##### Data shown
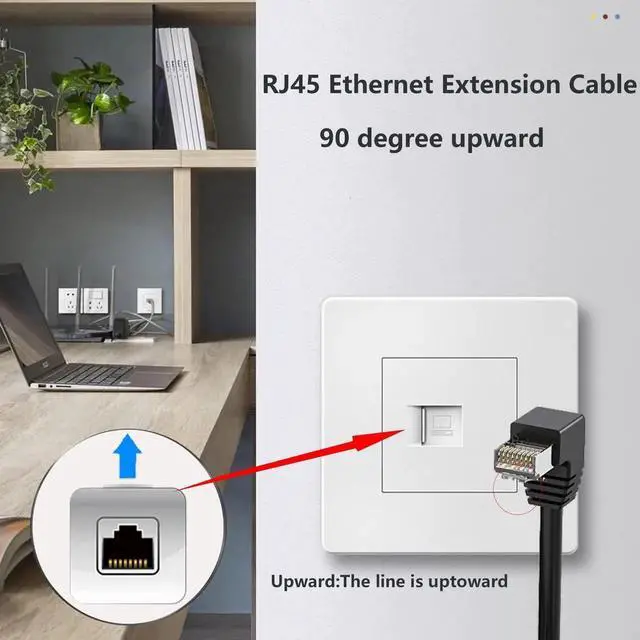 Alt view image 4 of 6 - 50CM Up Angle 90 Degree RJ45 Ethernet Extension Cable, Cat5 Male to Female LAN Network Patch Cord for Router, Modem, Smart TV, PC, Laptop - Black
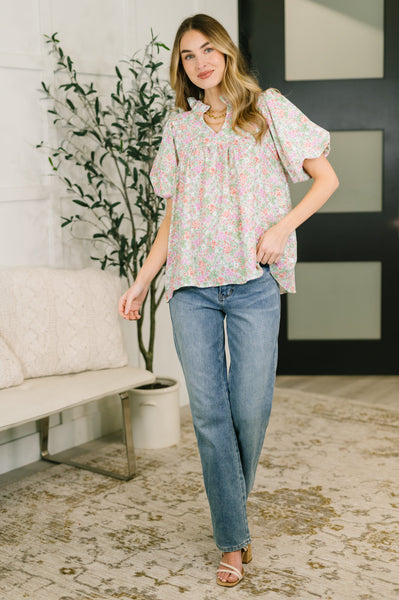 Flower Picking Notch Neck Blouse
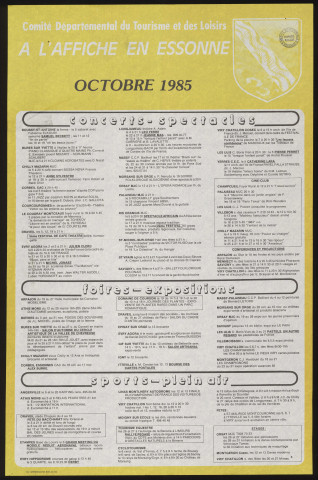 EVRY.- A l'affiche en Essonne : programme culturel, Comité départemental du tourisme et des loisirs, octobre 1985. 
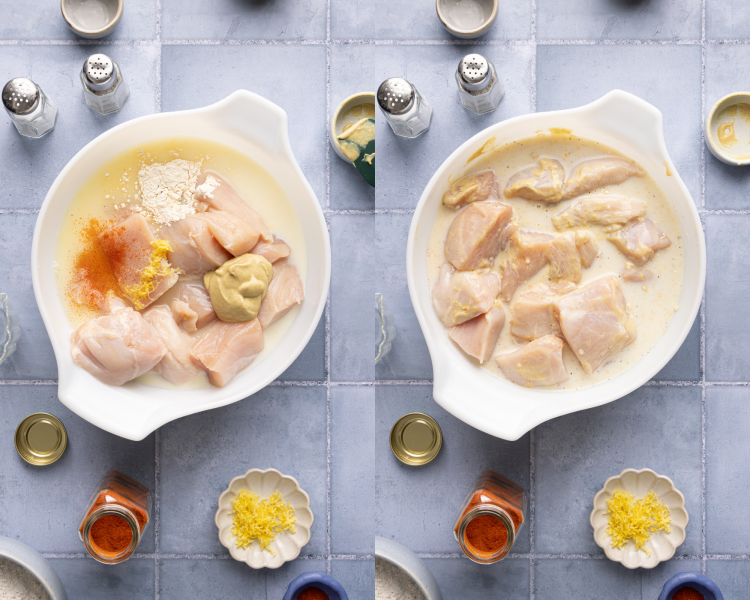 Side-by-side image of marinating chicken in marinade for 30 minutes.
##########
Goal of the exercise> Transcribe the listing above exactly, leaving every picture out.

Your response>
 Alt view image 4 of 6 - 50CM Up Angle 90 Degree RJ45 Ethernet Extension Cable, Cat5 Male to Female LAN Network Patch Cord for Router, Modem, Smart TV, PC, Laptop - Black
 Flower Picking Notch Neck Blouse
 EVRY.- A l'affiche en Essonne : programme culturel, Comité départemental du tourisme et des loisirs, octobre 1985. 
 Side-by-side image of marinating chicken in marinade for 30 minutes.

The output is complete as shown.